Weekly web archiving roundup: June 24, 2015

On June 24, 2015 By webarchrtIn News, Weekly roundupLeave a comment

Weekly web archiving roundup for the week of June 24, 2015:

“Uh, you probably don’t want to tweet to @POTUS, actually“, by Caitlin Dewey. After Barack Obama belatedly joined Twitter last month— in his official, presidential capacity — dozens of Twitter denizens began tweeting him sex jokes, threats and other unprintable inanities.

“A New Interface and New Web Archive Content at Loc.gov“, by Abbie Grotke. Recently the Library of Congress launched a significant amount of new Web Archive content on the Library’s Web site, as a part of a continued effort to integrate the Library’s Web Archives into the rest of the loc.gov web presence.

“This start-up is helping the government keep track of social media“, by Amrita Jayakumar. Anil Chawla, a former IBM engineer, founded ArchiveSocial in 2011 to design an efficient way to store and search social media content.

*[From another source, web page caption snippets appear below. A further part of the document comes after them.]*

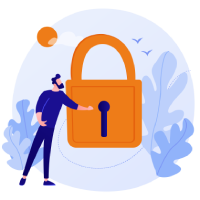 icon NCH serv pagoseguro 200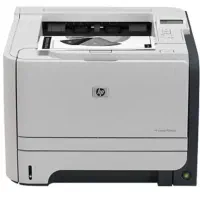 پرینتر ۲۰۵۵ hp dn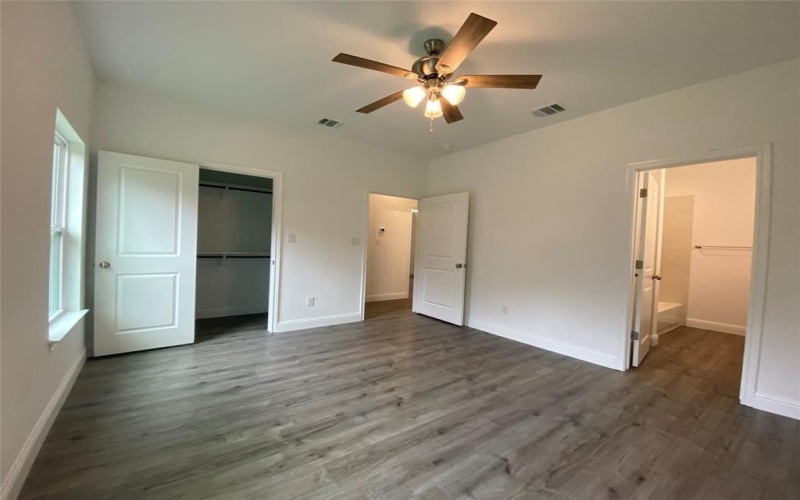 119 E 13th Avenue, Corsicana, TX 75110, 3 Bedrooms Bedrooms, ,2 BathroomsBathrooms,Residential,For Sale,119 E 13th Avenue,0,20885544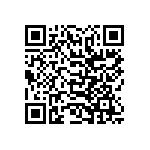 SIT1602BI-83-30S-40-500000X QRCode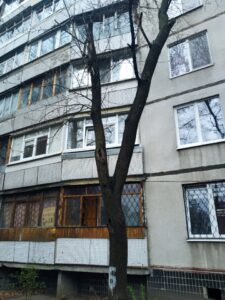 Фото від 20 квітня 2021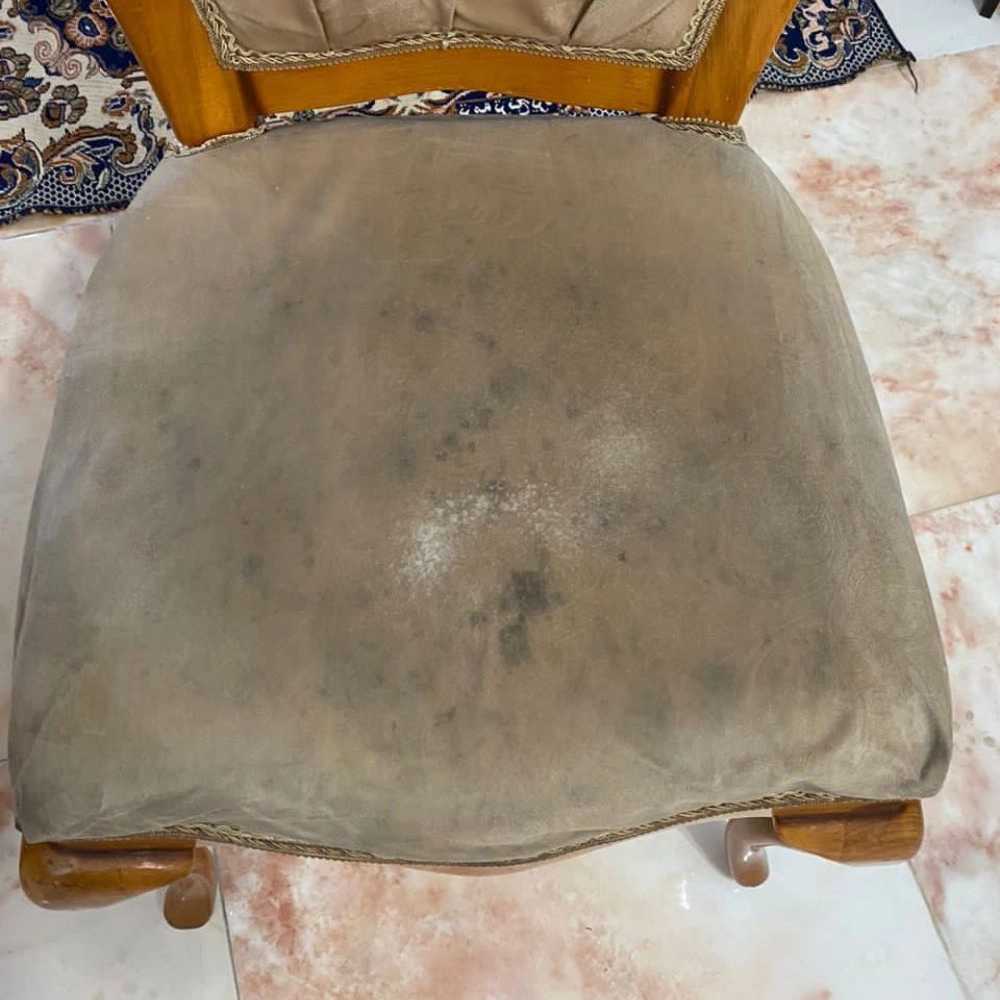 مبلشویی سعید قائمشهر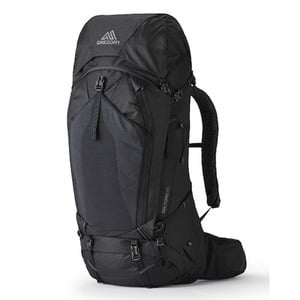 【24秋冬】BALTORO 65 RC(バルトロ 65 RC)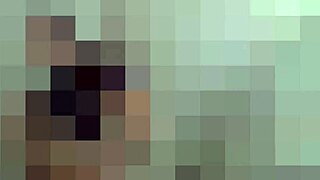 femdom commands jerk off and eat cum cei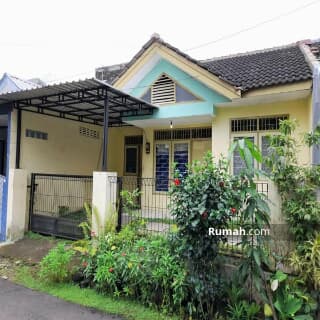 Detail Rumah Yang Murah Nomer 46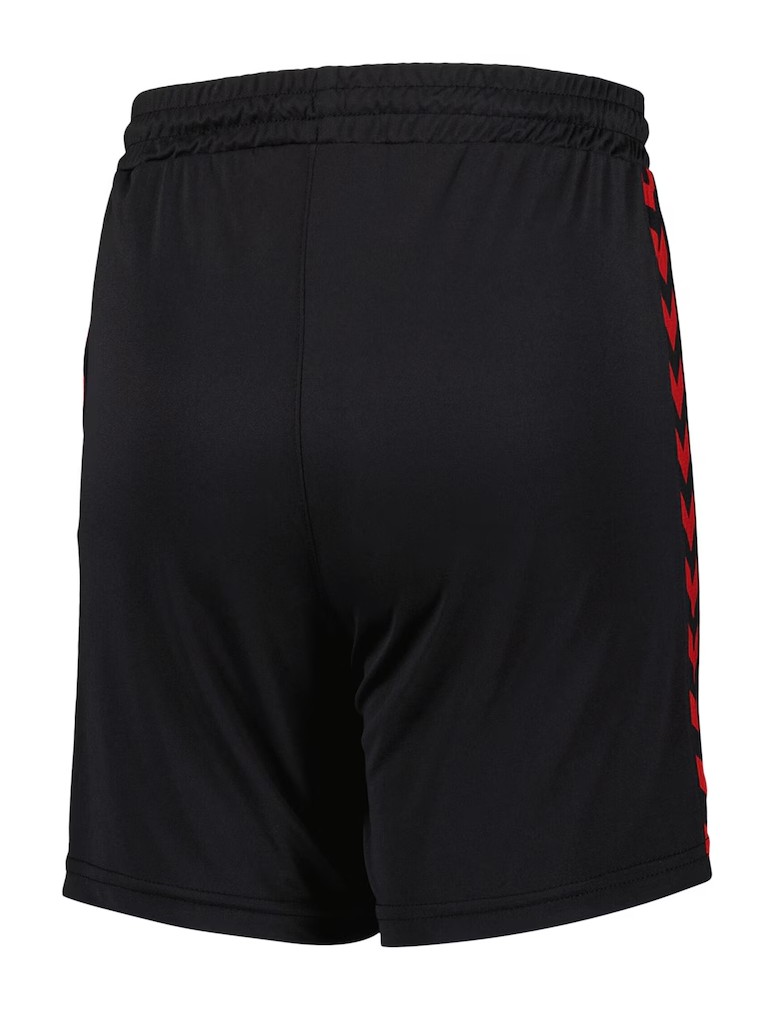 Sunderland AFC 2024-25 GK Third Kit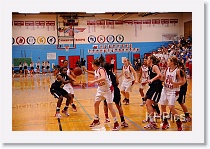 0115-190648-DSC_5944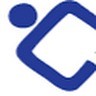 SafeHand System Employee Utsav Panchal's profile photo
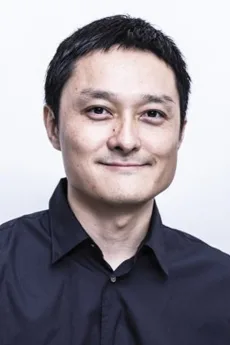 古屋蔵人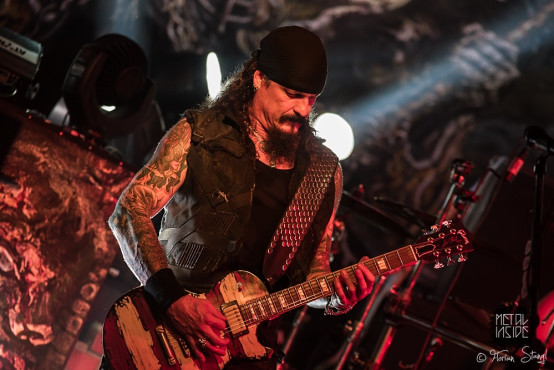 iced-earth-rockfabrik-nuernberg-07-02-2014_0085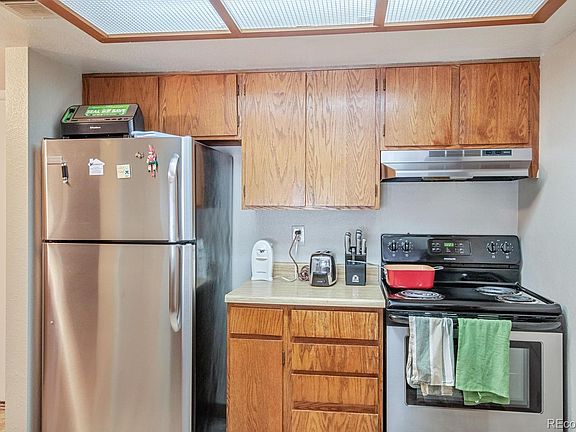 5th image of 14076 E Stanford Cir APT G01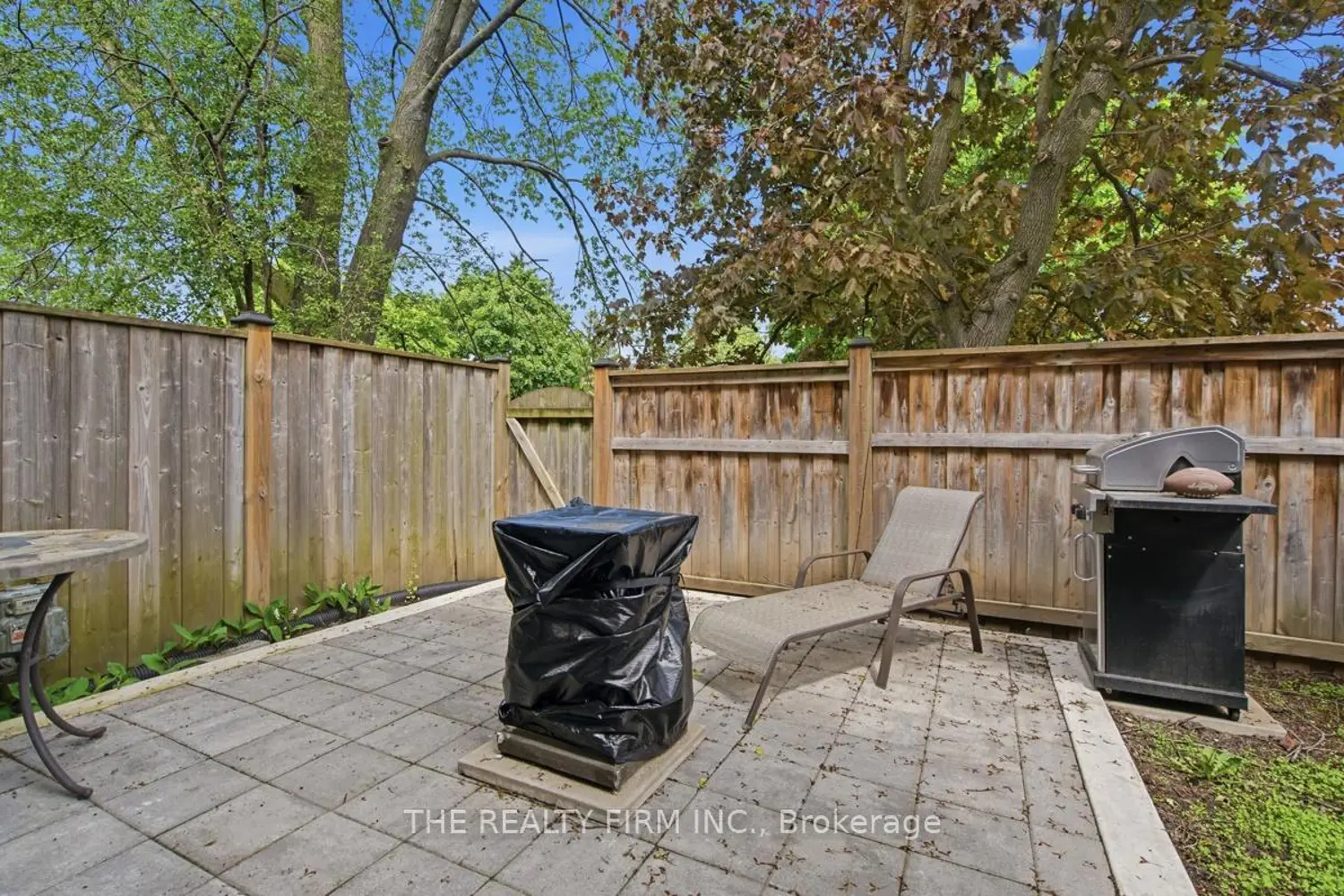 Additional image 18 of 159 Sandringham Crescent 8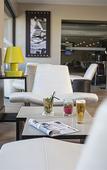 Туры в отель Grand Prix Hotel & Restaurant Туры в отель Grand Prix Hotel & Restaurant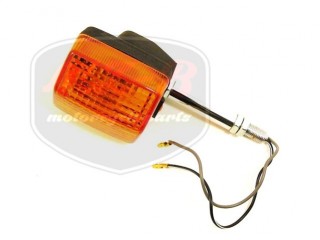 JAWA 350 12V BLINKLEUCHTE /640/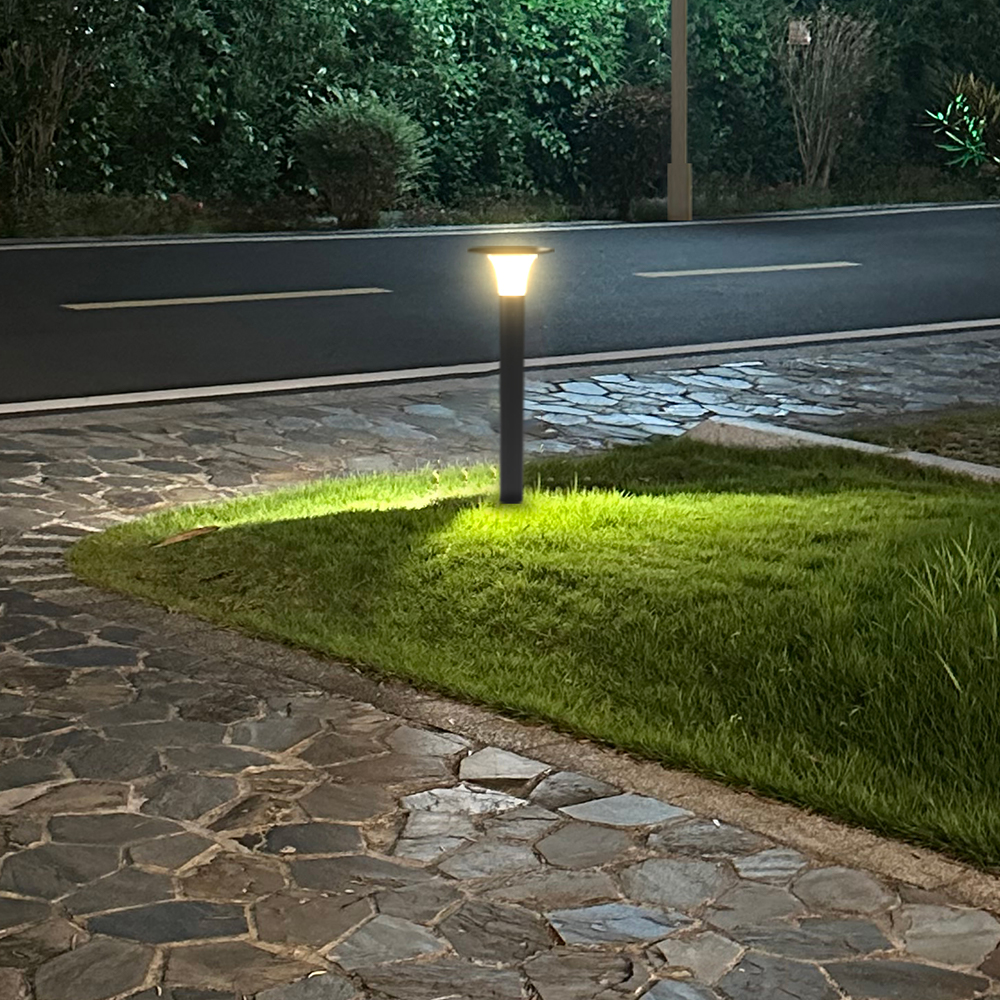 POTELET SOLAIRE DIAMOND – Image 5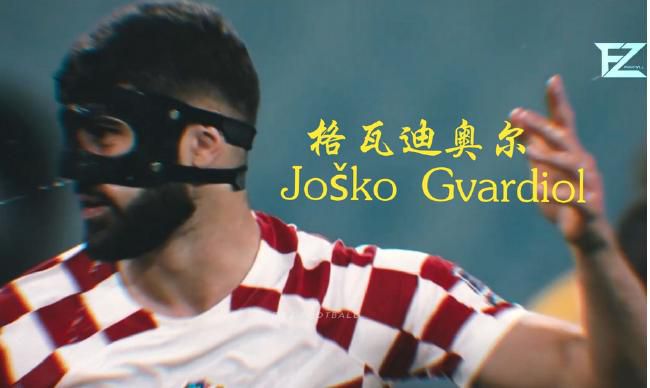导演 霍夫曼重回《拜见岳父大人3》 补拍继续恶搞 2010-08-25 近日，据外国媒体报道，《拜见岳父大人2》中出演“老福克斯”的达斯汀·霍夫曼近日终于和环球达成合约，将回归全新续集《拜见岳父大人3》中，将在补拍的六个场景中现身。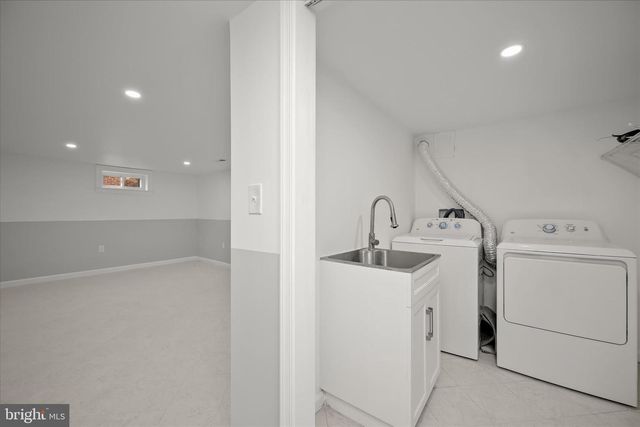 4100 UNDERWOOD ST, University Park, MD 20782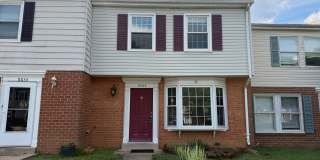 8854 CHERRY OAK Court Gallery 1
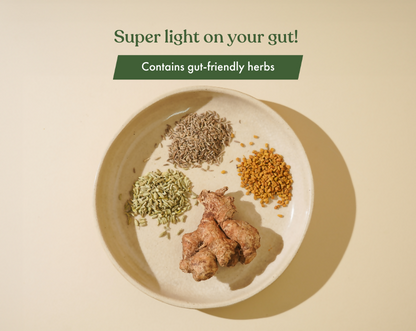 download - 2024-12-16T104353.401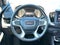 2024 GMC Terrain FWD SLE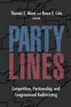 Party Lines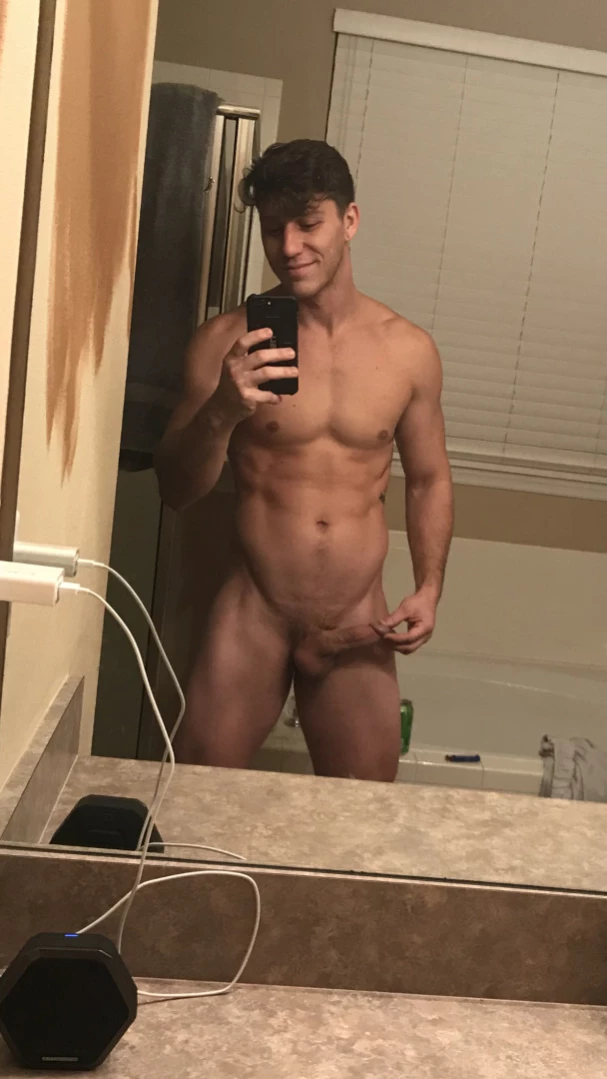Paul Canon [ paulthecanonxxx ] Onlyfans leaked photo 11959359 on Hotleaks.tv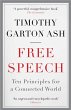 Free Speech (eBook, ePUB) - Bild 1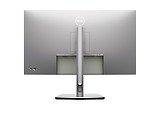 DELL UltraSharp U3223QE / 31.5 IPS 4K 60Hz USB-C 90W
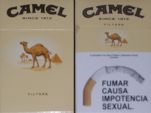 CamelCollectors http://camelcollectors.com/assets/images/pack-preview/PY-004-10.jpg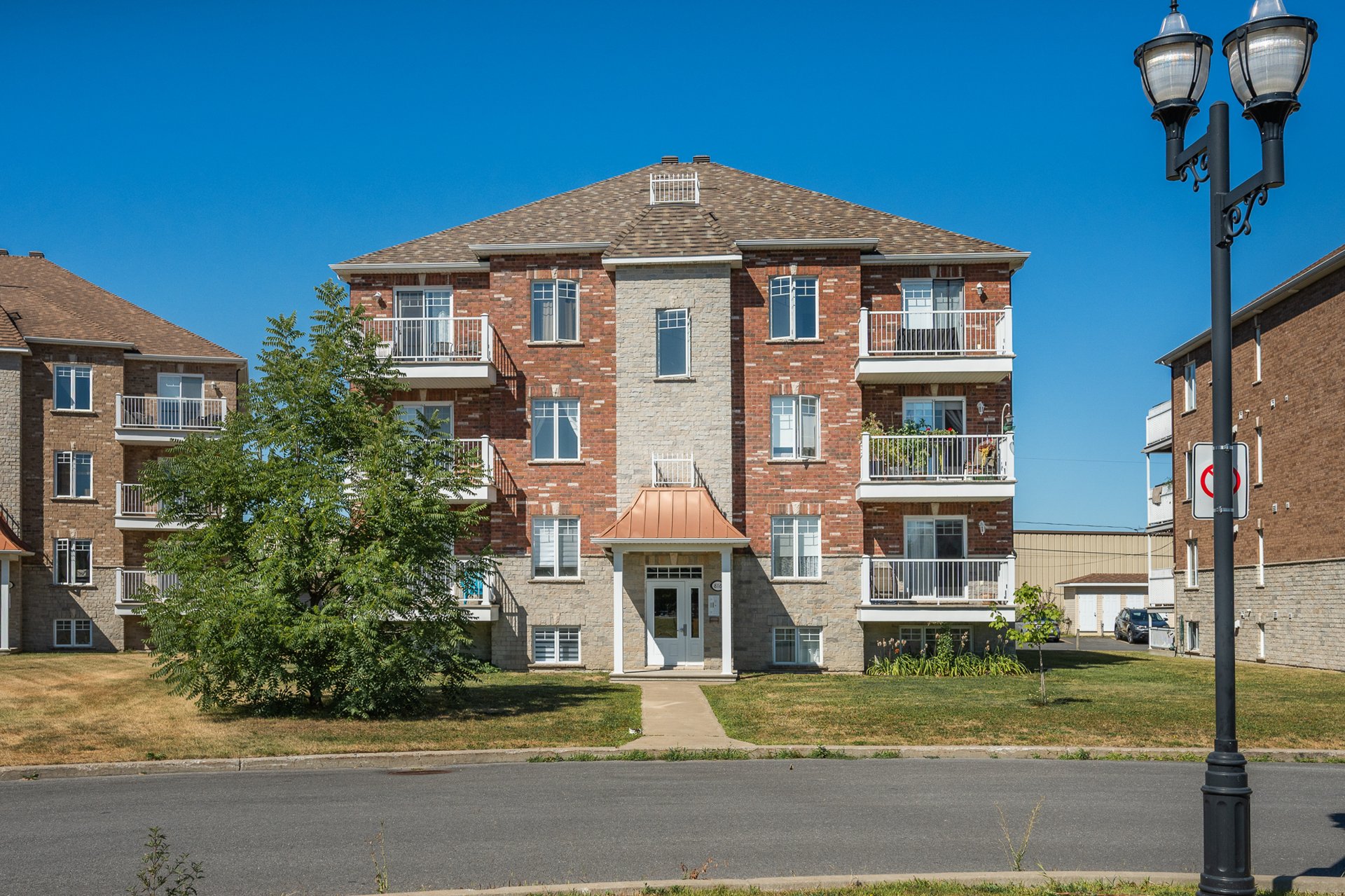 MLS: 14138251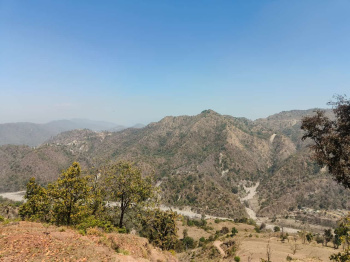Property for sale in Yamkeshwar, Pauri Garhwal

“Dodge that Memory Hole: Saving Digital News“, by Abbey Potter. Newspapers are some of the most-used collections at libraries. Networked digital technologies have changed how we communicate with each other and have rapidly changed how information is disseminated. These changes have had a drastic effect in the news industry, disrupting delivery mechanisms, upending business models and dispersing resources across the world wide web.

“The Archive Is Closed“, by Scott McLemee. Update on the Twitter archive at the Library of Congress.

“Data is immortal, but not immune to decay“, by Martin Doyle. Data exists in a dangerous state of near-non existence. Few businesses would risk not having backups in place. With cloud computing becoming commonplace in enterprise, we’ve come to accept that our data will be replicated and stored in duplicate.

“The UK Web Archive, Born Digital Sources and Rethinking the Future of Research“, by Tim Hitchcock. Blog post derived from a short talk Hitchcock gave at the British Library in May 2015 focused on using the UK Web Archive. Written with PhD students in mind, it forms a meditation on the opportunities created when we are working with web sites rather than print.

“Facing the Challenge of Web Archives Preservation Collaboratively: The Role and Work of the IIPC Preservation Working Group“, by IIPC Preservation Working Group – DLib Mag. DLib Magazine article on the goals and activities of the IIPC Preservation Working Group (PWG), including as a survey about the current state of preservation in member web archives and a number of collaborative projects which the Preservation Working Group is developing. These resources are designed to help address the preservation and long-term access to the web by sharing ideas and experiences, and by building up databases of information for support of preservation strategies and actions.